如何“啟發”,怎樣“誘導”?夫子有術。《論語》所記,多孔子應答弟子所問。有所問者,必有所思。孔子誘導,先以待問。《學記》說:“善待問者如撞鐘,叩之以大則大鳴,叩之以小則小鳴,待其從容,然後盡其聲。”孔子答弟子、時人所問,各以其材,亦“大鳴”“小鳴”之至者。

子張問:“十世可知也?”子曰:“殷因於夏禮,所損益可知也。周因於殷禮,所損益可知也。其或繼周者,雖百世可知也。”

王孫賈問曰:“‘與其媚於奧,寧媚於灶’,何謂也?”子曰:“不然。獲罪於天,無所禱也。”

子張問“十世可知”?所問者大,孔子告以“殷因於夏”有所損益,“周因於殷”有所損益。因其所宜,損其所病,益其所當有,這是人類社會發展的大趨勢,大原則,如此則非但十世,“雖百世可知也”,引導子張正確認識人類文明的發展進步,預測未來。王孫賈問媚於奧灶,所問者鄙,孔子則導以正,“不然,獲罪於天,無所禱也。”人當養品格之正,“媚”者,諛也,非仁者所當為。故夫子否定,引導王孫賈不要用心於“媚”,而要致力於直道。

孔子啟發,常常設喻,以近取譬,善於運用身邊的具體事物形象直觀地闡明道理。

子游問孝。子曰:“今之孝者,是謂能養。至於犬馬,皆能有養,不敬,何以別乎?”

子貢問為仁。子曰:“工欲善其事,必先利其器。居是邦也,事其大夫之賢者,友其士之仁者。”

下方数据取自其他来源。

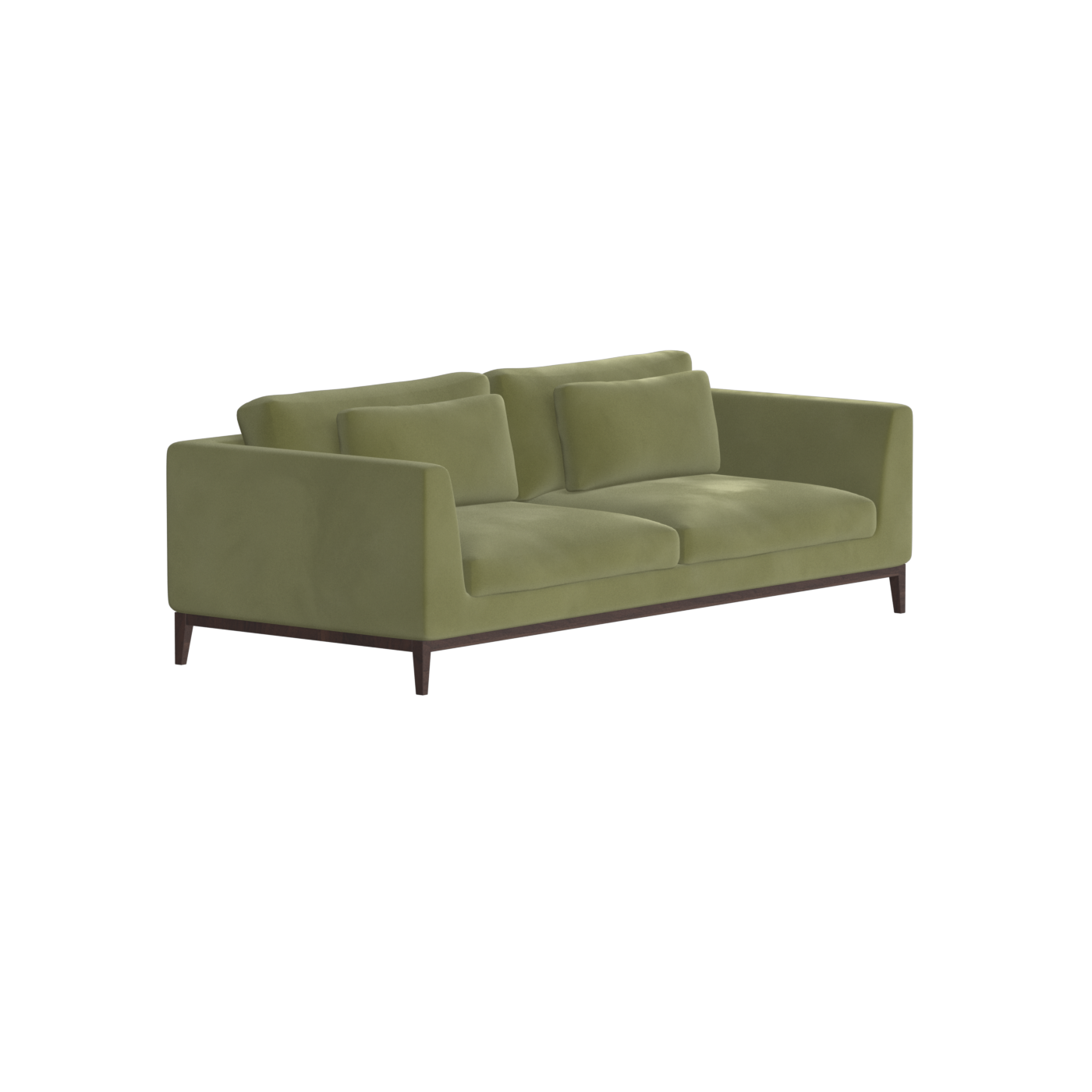 Porto Sofa With Tailored Upholstery Choices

“孝”是儒學做人的基本道德,其內涵之一是“敬”,子游有問,孔子類以“犬馬”,說明“孝”不啻“有養”,還須要“敬”,不敬,無以別乎犬馬,言淺義深,理精語雋,極耐尋味。子貢問“為仁”,孔子以“工欲善其事,必先利其器”喻之,教導子貢,生活在一個國家,要事奉這個國家中的賢大夫,結交這個國家中的仁愛之士。“大夫之賢者”和“士之仁者”乃“為仁”之利器。有了話語權,決策權,才能更好地“為仁”,做更多對百姓有益的事,取類以明理,入淺出深,匠心獨運。

子曰:“為政以德,譬諸北辰,居其所而眾星拱之。”

子曰:“歲寒,然後知松柏之後凋也。”

子在川上曰:“逝者如斯夫,不捨晝夜。”

子曰:“譬如為山,未成一簣,止,吾止也;譬如平地,雖覆一簣,進,吾往也。”

這些譬喻,或言為政,或喻做人,或誡惜時,或誨治學,語短理豁,情深意遠,以少馭多,《學記》所謂“約而達,微而臧”。聆聽訓誨,心生明亮,陡然增神,不能不頷首歎服。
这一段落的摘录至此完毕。